E poi la responsabilità non ci spaventa, ma siamo capaci di goderci le piccole gioie della vita, che guarda caso, sono anche le più autentiche.
Come normali ed autentiche sono le cose che facciamo l’utima serata che passiamo insieme, una delle più divertenti&perfette che di cui io conservi ad oggi memoria.
Un drink in piazzetta con un gran gruppo di gente. Due birre,
Ceniamo tra amiche e deicidiamo che questa sera ci serve assolutamente un pizzico di avventura: ci imbuchiamo ad una festa di una regista-non-so-che dopo aver reclutato un paio di accompagnatori.
“Come andarsele a cercare”, riferito naturalmente alle figure di merda, potrebbe essere il sottotitolo della nostra incauta sortita. Quando facciamo il nostro ingresso trionfale in casa della famosa regista, si sono appena abbassate le luci, e la festeggiata sta soffiando su una torta con quaranta candeline.
Vorremmo di farci piccoli -anzi invisibili- ma siamo sei, troppi, e abbiamo tutti gli occhi ormai puntati addosso; senza contare che è difficilissimo mimetzzarsi, quando gli altri invitati – quindici in totale- sono attori conosciuti o consanguinei della festeggiata.
Ometto la parte imbarazzantissima delle presentazioni con la padrona di casa,
Ci facciamo delle grasse risate, mentre stipati nella macchina di Claire raggiungiamo gli altri amici in un nuovo locale radical-chic. Il concerto è reggae, e l’umore pure, rilassato and take it easy come poche volte.
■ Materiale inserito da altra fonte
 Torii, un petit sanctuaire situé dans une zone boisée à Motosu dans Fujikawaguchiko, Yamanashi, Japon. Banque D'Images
Quando i ritmi si fanno più latini, anche l’atmosfera muta di tono e gli amici di turno si trasformano nei flirt del momento.
Alle sei del mattino stiamo ancora ballando
Mi viene da chiedermi come sia possibile.
Comunque, quella notte non dormiamo nemmeno un secondo, e poi ricominciamo -come niente fosse- una nuova giornata.
Per me sono anche queste le piccole gioie della vita.